When I mention The War of the Worlds, you may think of the movie released in 2005. Or you may think of a movie of The War of the Worlds from back in the day.
Or perhaps you’ve read the book – It’s a story that’s been re-written and remade countless times.
“The War of the Worlds is a science fiction novel by English author H. G. Wells, first serialised in 1897 by Pearson’s Magazine in the UK and by Cosmopolitan magazine in the US. The novel’s first appearance in hardcover was in 1898 from publisher William Heinemann of London. Written between 1895 and 1897, it is one of the earliest stories to detail a conflict between mankind and an extraterrestrial race.
The novel is the first-person narrative of both an unnamed protagonist in Surrey and of his younger brother in London as southern England is invaded by Martians. The novel is one of the most commented-on works in the science fiction canon.
The plot has been related to invasion literature of the time.

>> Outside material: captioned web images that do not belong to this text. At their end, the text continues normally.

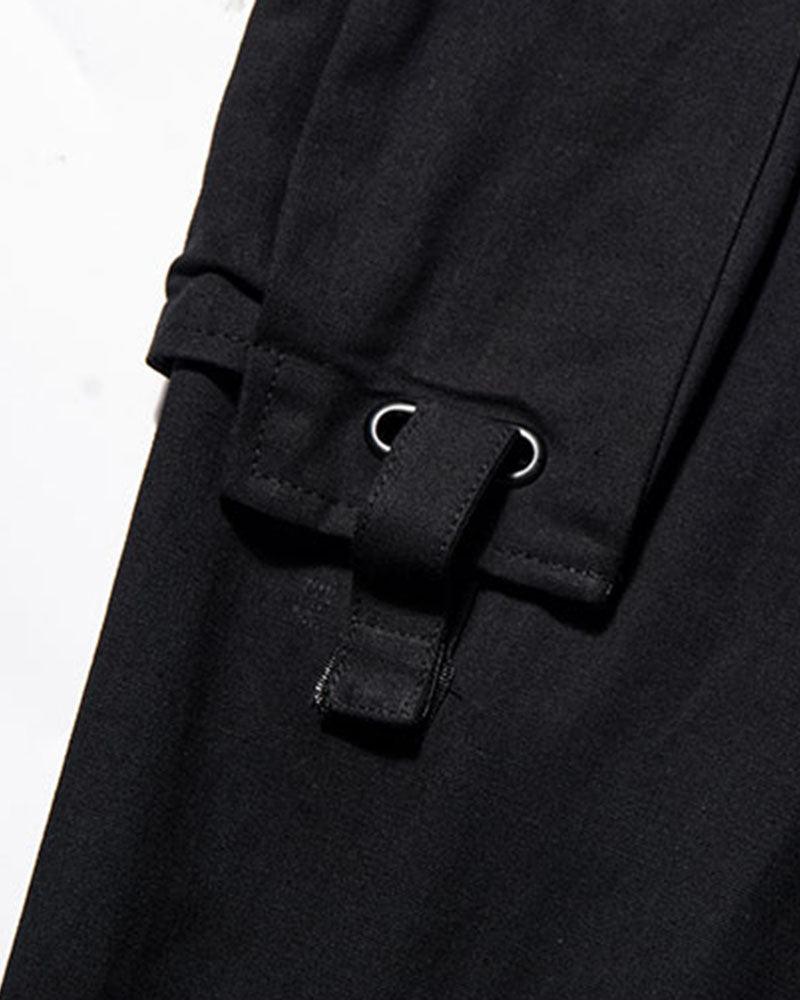 Techwear Street Style Cargo Black Pants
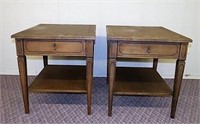 Pair of 2 tier, one drawer  end tables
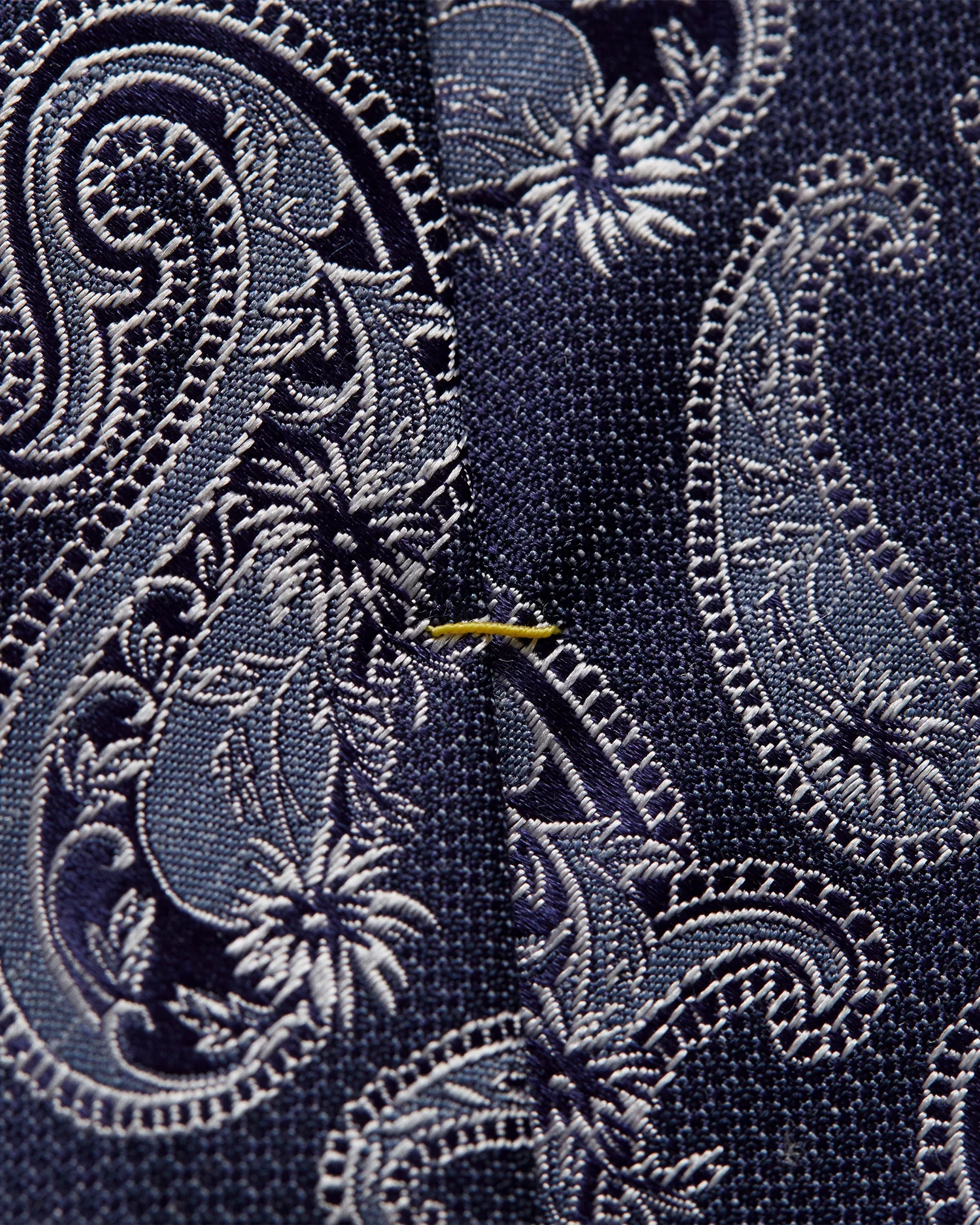 Eton - navy blue printed paisley tie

The novel has been variously interpreted as a commentary on evolutionary theory, British imperialism, and generally Victorian superstitions, fears, and prejudices. Wells said that the plot arose from a discussion with his brother Frank about the catastrophic effect of the British on indigenous Tasmanians. What would happen, he wondered, if Martians did to Britain what the British had done to the Tasmanians?The Tasmanians, however, lacked the lethal pathogens to defeat their invaders. At the time of publication, it was classified as a scientific romance, like Wells’s earlier novel The Time Machine.
The War of the Worlds has been both popular (having never been out of print) and influential, spawning half a dozen feature films, radio dramas, a record album, various comic book adaptations, a number of television series, and sequels or parallel stories by other authors. It was most memorably dramatised in a 1938 radio programme that allegedly caused public panic among listeners who did not know the Martian invasion was fiction.
The novel has even influenced the work of scientists, notably Robert H. Goddard, who, inspired by the book, invented both the liquid fuelled rocket and multistage rocket, which resulted in the Apollo 11 Moon landing 71 years later.”
Whatever your experience with The War of the Worlds, I suggest you have a look at this musical. I’d love to hear your thoughts.